Keywords head and neck paraganglioma - sinonasal paraganglioma - endoscopic skull base resection - succinate dehydrogenase mutation
Paragangliomas of the head and neck are uncommon tumors arising from specialized neural crest cells associated with autonomic ganglia. They account for only 0.6% of all tumors within the head and neck region with functioning paragangliomas seen in only 1 to 3% of those cases.[1 ]
[2 ] The distribution of paragangliomas tends to parallel the course of the autonomic system. They can be categorized into two types based on their functionality: catecholamine-secreting chromaffin tumors and the nonfunctional nonchromaffin tumors. The majority of head and neck paragangliomas belongs to the latter group. Carotid body tumors are the most common paraganglioma of the head and neck region followed by jugulotympanic and vagal paragangliomas. Head and neck paragangliomas have also been reported in the larynx, trachea, orbit, and sinonasal cavities.[3 ] Succinate dehydrogenase (SDH) complex (A to D) mutations have been associated with increased risk of tumors including paragangliomas and pheochromocytomas. Tumors associated with the SDHB mutations tend to be extra-adrenal and can occur in the head and neck region.[4 ]
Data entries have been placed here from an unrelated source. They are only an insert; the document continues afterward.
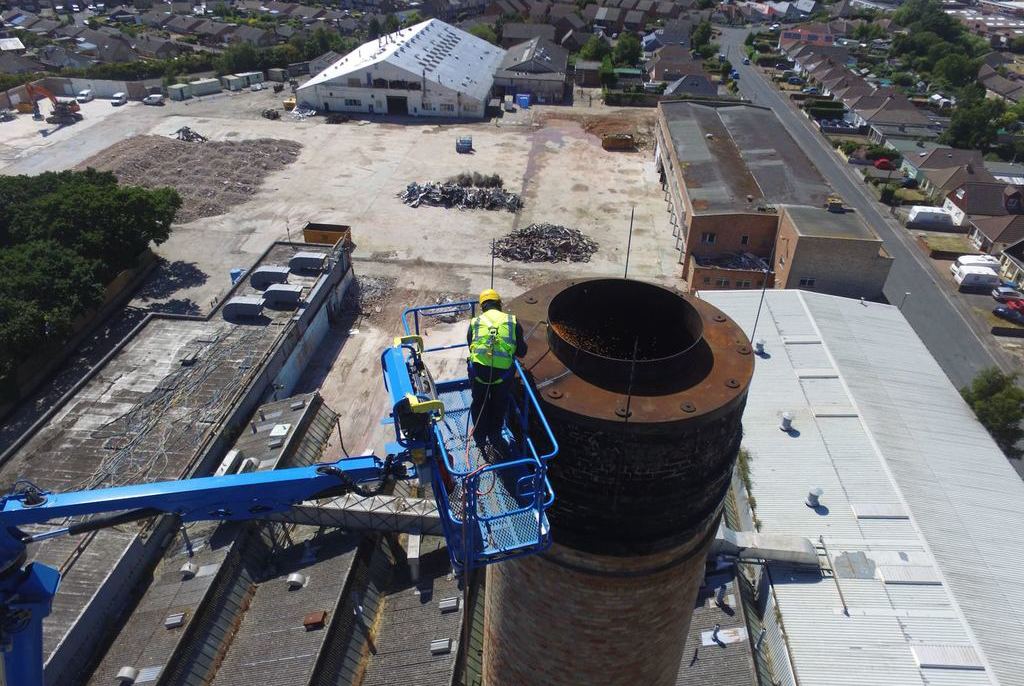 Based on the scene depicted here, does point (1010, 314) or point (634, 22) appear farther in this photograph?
point (634, 22)

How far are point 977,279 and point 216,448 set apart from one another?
149ft

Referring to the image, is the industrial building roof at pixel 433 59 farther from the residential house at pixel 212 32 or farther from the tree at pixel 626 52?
the residential house at pixel 212 32

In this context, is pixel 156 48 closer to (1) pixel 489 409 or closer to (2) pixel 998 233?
(2) pixel 998 233

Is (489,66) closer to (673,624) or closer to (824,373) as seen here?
(824,373)

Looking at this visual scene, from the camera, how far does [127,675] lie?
1700 centimetres

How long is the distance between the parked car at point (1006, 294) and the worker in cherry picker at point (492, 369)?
149 feet

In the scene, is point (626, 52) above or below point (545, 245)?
above

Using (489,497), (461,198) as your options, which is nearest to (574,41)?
(461,198)

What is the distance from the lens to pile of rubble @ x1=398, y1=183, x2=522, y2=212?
5019cm

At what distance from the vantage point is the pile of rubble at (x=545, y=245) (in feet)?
141

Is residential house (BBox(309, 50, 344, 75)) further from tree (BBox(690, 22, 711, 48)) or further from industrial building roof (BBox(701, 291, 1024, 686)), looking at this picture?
industrial building roof (BBox(701, 291, 1024, 686))

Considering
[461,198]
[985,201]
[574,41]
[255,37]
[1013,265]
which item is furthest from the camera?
[574,41]

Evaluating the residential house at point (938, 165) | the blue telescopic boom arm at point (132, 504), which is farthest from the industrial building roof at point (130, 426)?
the residential house at point (938, 165)

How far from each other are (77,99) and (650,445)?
91621mm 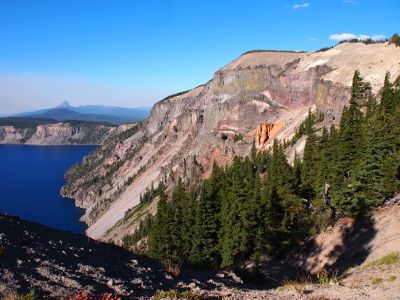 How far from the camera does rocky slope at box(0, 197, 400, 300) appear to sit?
10.6 m

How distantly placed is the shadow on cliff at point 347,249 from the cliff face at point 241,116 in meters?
53.2

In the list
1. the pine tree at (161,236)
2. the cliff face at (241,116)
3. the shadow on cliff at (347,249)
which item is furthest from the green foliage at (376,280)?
the cliff face at (241,116)

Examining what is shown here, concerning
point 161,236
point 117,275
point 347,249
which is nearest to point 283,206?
point 347,249

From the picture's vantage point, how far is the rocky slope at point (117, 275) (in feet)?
34.7

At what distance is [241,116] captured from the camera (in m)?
128

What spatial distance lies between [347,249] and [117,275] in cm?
1742

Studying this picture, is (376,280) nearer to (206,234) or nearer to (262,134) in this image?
(206,234)

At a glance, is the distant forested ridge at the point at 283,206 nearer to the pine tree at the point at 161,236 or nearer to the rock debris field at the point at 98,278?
the pine tree at the point at 161,236

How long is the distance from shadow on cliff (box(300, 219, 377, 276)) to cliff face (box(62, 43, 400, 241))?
174 ft

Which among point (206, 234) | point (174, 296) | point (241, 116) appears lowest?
point (206, 234)

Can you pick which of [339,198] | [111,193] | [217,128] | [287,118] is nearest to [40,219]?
[111,193]

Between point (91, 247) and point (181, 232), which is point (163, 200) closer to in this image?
point (181, 232)

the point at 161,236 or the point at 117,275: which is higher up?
the point at 117,275

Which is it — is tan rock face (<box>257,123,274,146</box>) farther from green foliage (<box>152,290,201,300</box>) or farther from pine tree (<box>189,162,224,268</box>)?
green foliage (<box>152,290,201,300</box>) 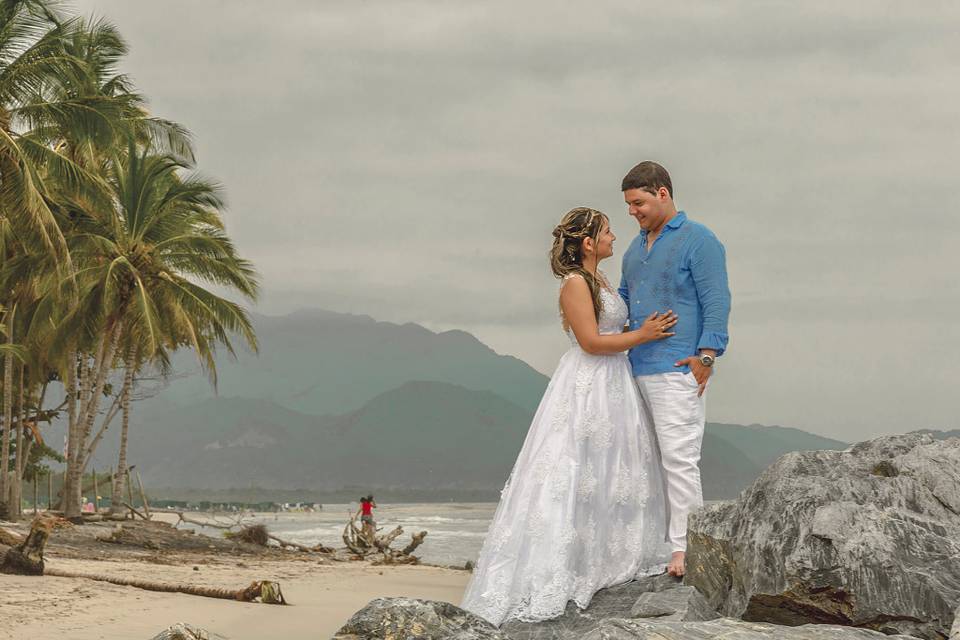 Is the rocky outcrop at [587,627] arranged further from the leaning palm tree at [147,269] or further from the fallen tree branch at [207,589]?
the leaning palm tree at [147,269]

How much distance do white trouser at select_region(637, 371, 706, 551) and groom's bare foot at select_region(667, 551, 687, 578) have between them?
38mm

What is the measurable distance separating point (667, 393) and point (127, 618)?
5699mm

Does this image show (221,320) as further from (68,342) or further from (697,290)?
(697,290)

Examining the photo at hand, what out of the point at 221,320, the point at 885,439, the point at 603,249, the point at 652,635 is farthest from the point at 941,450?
the point at 221,320

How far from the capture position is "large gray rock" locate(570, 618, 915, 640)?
3.42 metres

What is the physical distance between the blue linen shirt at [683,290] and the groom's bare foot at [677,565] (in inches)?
40.8

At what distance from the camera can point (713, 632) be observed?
138 inches

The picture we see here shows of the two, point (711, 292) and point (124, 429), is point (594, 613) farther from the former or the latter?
point (124, 429)

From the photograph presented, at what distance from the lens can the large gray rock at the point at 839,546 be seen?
4094 millimetres

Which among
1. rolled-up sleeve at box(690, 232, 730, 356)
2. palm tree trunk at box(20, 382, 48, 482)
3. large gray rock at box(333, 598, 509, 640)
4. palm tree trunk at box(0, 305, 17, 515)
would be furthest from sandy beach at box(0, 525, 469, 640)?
palm tree trunk at box(20, 382, 48, 482)

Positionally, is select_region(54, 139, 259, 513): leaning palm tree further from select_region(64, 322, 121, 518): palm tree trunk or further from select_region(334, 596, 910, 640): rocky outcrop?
select_region(334, 596, 910, 640): rocky outcrop

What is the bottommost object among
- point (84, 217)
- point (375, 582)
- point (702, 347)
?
point (375, 582)

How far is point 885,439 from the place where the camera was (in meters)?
5.60

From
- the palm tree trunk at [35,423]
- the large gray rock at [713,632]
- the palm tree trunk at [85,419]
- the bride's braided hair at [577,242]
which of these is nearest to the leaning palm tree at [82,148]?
the palm tree trunk at [85,419]
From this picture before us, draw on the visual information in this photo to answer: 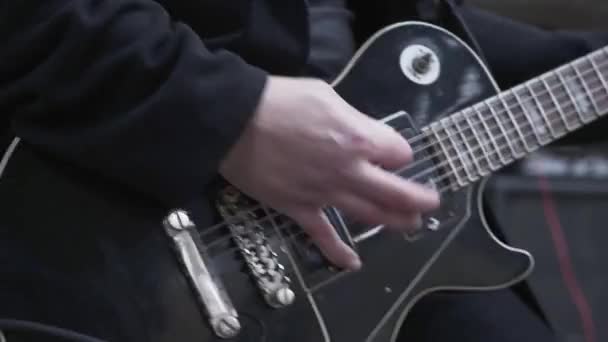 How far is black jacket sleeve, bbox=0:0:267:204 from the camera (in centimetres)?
61

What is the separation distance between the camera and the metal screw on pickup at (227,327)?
65 cm

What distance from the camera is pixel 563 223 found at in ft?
5.01

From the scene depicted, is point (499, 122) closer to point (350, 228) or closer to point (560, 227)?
point (350, 228)

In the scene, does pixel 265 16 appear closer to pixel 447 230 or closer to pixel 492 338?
pixel 447 230

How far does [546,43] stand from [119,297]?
0.60 metres

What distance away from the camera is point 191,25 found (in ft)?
2.36

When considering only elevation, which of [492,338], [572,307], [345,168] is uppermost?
[345,168]

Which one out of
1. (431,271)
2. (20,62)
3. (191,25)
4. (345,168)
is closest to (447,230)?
(431,271)

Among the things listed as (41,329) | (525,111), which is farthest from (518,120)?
(41,329)

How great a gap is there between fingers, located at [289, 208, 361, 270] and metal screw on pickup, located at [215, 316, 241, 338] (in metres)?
0.09

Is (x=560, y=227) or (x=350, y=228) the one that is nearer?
(x=350, y=228)

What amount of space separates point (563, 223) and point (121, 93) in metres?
1.10

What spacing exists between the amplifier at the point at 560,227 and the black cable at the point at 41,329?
3.32 ft

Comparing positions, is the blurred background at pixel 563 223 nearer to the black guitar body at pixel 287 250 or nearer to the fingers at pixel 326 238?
the black guitar body at pixel 287 250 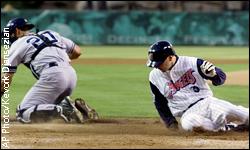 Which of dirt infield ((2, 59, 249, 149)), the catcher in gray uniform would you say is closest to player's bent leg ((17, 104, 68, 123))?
the catcher in gray uniform

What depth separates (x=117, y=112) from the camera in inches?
411

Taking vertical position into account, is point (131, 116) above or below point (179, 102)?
below

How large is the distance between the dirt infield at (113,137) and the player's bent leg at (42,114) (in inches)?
5.4

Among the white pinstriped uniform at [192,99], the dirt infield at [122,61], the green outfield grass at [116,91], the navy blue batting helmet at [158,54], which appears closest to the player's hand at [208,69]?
the white pinstriped uniform at [192,99]

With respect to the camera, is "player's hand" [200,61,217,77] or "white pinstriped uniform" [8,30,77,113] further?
"white pinstriped uniform" [8,30,77,113]

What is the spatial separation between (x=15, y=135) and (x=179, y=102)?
180 cm

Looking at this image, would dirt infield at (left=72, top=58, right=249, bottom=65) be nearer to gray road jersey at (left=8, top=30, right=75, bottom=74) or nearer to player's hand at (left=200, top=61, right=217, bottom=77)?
gray road jersey at (left=8, top=30, right=75, bottom=74)

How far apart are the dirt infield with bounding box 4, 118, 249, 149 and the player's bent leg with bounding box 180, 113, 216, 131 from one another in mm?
76

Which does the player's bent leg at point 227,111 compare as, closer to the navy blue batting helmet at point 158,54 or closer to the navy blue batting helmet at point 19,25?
the navy blue batting helmet at point 158,54

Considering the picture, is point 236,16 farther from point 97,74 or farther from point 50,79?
point 50,79

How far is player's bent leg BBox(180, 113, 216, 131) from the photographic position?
7.31 meters

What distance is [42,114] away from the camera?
27.8 ft

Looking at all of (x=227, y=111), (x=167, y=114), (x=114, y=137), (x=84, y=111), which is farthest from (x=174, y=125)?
(x=84, y=111)

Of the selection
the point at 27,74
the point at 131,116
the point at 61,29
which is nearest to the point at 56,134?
the point at 131,116
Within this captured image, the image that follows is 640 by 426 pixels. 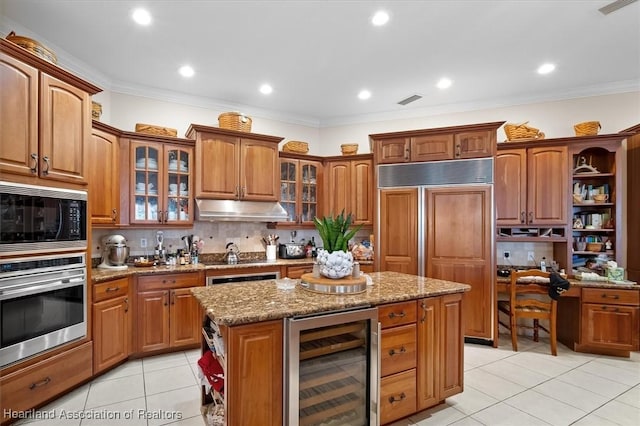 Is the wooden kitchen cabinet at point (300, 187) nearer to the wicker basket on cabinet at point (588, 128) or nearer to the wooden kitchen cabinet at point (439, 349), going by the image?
the wooden kitchen cabinet at point (439, 349)

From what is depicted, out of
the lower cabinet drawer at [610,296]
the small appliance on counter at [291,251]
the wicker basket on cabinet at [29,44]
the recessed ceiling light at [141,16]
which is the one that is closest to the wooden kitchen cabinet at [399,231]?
the small appliance on counter at [291,251]

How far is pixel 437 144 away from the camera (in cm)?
385

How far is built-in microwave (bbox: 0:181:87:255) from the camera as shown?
2104mm

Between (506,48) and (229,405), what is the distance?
377 centimetres

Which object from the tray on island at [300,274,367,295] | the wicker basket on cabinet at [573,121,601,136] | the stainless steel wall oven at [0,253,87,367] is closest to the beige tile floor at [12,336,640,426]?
the stainless steel wall oven at [0,253,87,367]

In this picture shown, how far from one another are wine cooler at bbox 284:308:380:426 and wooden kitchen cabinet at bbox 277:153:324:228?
8.94 feet

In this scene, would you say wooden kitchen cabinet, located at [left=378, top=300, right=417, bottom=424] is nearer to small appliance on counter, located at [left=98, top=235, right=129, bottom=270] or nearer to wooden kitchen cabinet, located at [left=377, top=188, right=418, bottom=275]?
wooden kitchen cabinet, located at [left=377, top=188, right=418, bottom=275]

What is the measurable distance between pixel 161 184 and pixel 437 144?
3.40 meters

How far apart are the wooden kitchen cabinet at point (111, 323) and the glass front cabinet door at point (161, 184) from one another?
2.85 feet

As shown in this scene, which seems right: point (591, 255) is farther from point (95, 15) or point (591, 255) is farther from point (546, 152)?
point (95, 15)

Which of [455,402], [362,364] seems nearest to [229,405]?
[362,364]

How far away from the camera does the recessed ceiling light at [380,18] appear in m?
2.52

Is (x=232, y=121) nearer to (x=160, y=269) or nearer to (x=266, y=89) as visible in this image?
(x=266, y=89)

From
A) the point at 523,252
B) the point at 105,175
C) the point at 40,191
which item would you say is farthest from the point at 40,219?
the point at 523,252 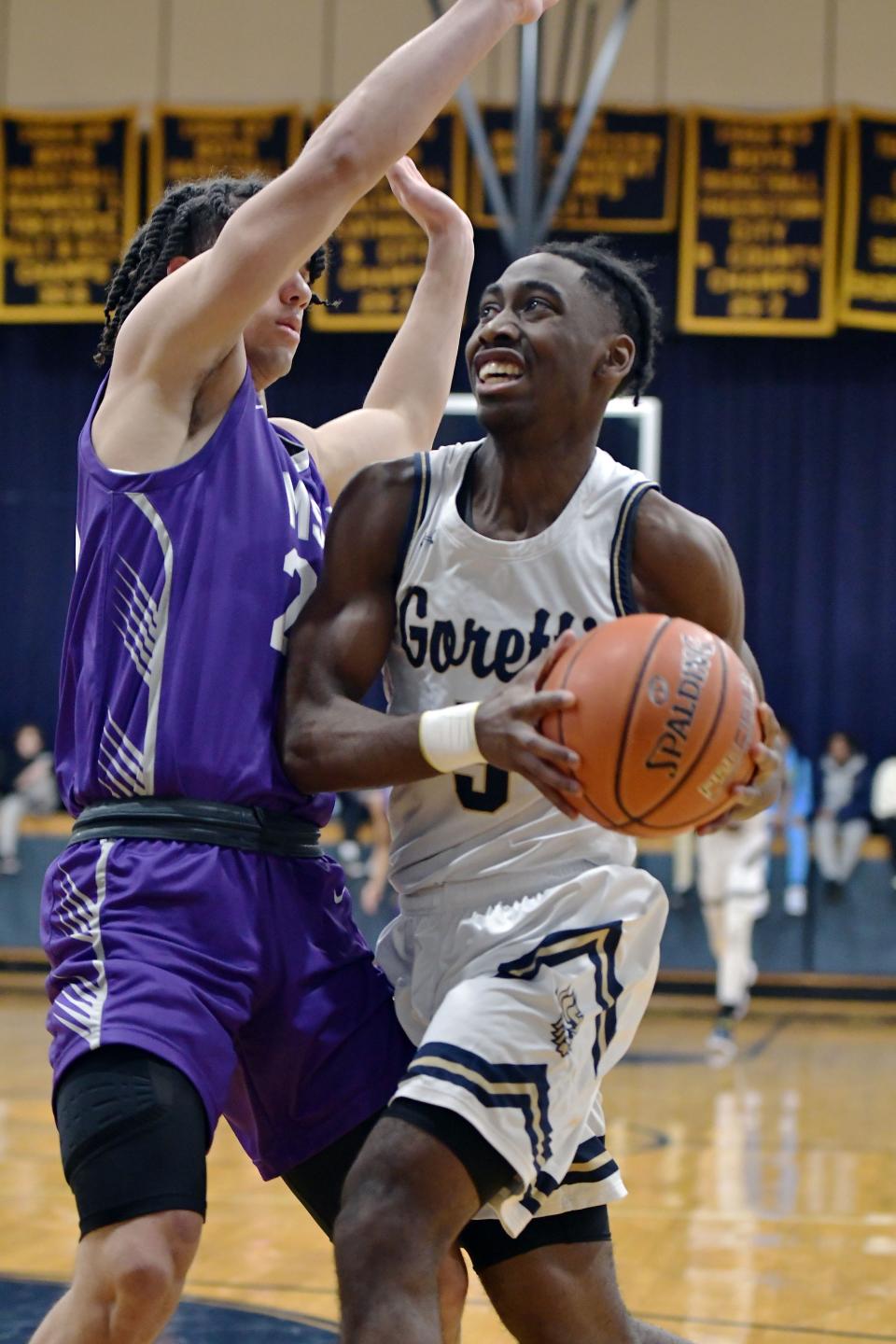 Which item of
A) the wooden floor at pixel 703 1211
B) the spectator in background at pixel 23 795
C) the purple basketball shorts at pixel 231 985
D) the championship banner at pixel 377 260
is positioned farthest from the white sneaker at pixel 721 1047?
the purple basketball shorts at pixel 231 985

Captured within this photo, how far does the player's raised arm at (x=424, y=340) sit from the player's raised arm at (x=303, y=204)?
639mm

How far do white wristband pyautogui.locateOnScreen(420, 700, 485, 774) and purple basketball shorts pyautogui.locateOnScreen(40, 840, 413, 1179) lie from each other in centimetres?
37

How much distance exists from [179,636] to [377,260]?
996cm

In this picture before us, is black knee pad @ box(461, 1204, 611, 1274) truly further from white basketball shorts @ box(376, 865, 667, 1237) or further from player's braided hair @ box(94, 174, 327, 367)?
player's braided hair @ box(94, 174, 327, 367)

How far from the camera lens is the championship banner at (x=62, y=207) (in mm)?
12547

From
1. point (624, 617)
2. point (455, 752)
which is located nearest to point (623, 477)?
point (624, 617)

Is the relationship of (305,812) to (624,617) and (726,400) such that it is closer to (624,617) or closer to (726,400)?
(624,617)

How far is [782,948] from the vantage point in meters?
12.6

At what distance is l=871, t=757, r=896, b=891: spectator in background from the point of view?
1230 cm

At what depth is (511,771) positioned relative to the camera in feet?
7.83

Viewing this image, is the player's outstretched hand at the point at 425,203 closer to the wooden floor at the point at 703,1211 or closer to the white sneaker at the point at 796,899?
the wooden floor at the point at 703,1211

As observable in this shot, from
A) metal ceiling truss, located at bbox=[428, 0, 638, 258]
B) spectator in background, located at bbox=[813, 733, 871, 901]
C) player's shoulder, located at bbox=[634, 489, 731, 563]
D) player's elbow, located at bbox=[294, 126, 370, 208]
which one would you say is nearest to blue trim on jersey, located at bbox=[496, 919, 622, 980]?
player's shoulder, located at bbox=[634, 489, 731, 563]

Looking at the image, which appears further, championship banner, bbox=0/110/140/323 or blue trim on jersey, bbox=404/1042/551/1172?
championship banner, bbox=0/110/140/323

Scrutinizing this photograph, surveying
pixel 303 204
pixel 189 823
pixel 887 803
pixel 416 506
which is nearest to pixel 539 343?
pixel 416 506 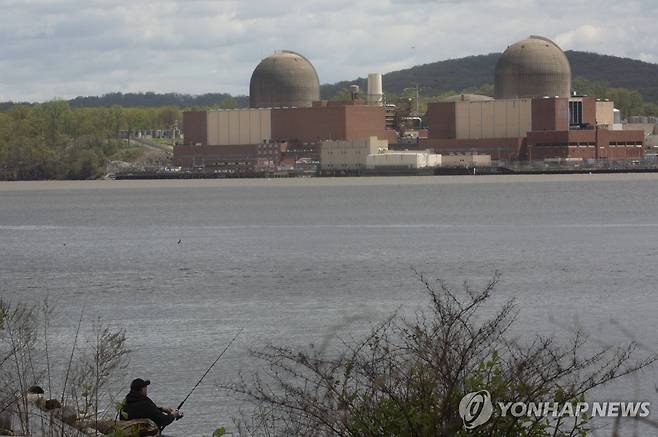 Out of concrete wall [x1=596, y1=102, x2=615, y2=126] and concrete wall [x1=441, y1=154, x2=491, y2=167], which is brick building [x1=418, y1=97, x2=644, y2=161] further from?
concrete wall [x1=441, y1=154, x2=491, y2=167]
There have been approximately only 35 reported cases of paragangliomas originating from the sinonasal region.[5 ] Pathologic studies have shown paraganglionic tissue to be present in the pterygopalatine fossa as well as the close anatomic relation with the pterygoid ganglion.[6 ] There have been only three reported cases of functional sinonasal paragangliomas since 1957.[7 ]
[8 ]
[9 ] We present a case of a rare functioning sinonasal paraganglioma of the skull base presenting with labile hypertension.
Case Report
The patient is a 50-year-old man with a history of a left adrenal pheochromocytoma and para-aortic paraganglioma which was surgically resected 21 years before his presentation. He did not undergo any prior genetic testing. Initial presentation began with recent episodic hypertension which was referred to a nephrologist based on his history. He had a 24-hour urine metanephrine study which showed normal urine metanephrine level, but threefold increase in plasma chromogranin A levels and an eightfold increase in plasma normetanephrine levels. He was started on phenoxybenzamine, an α adrenergic receptor antagonist, and metyrosine, a tyrosine hydroxylase inhibitor, for management of his hypertension from presumed recurrent abdominal paraganglioma. The patient underwent a metaiodobenzylguanidine (MIBG) scan which showed a single large focus of uptake at the right skull base corresponding to the known mass.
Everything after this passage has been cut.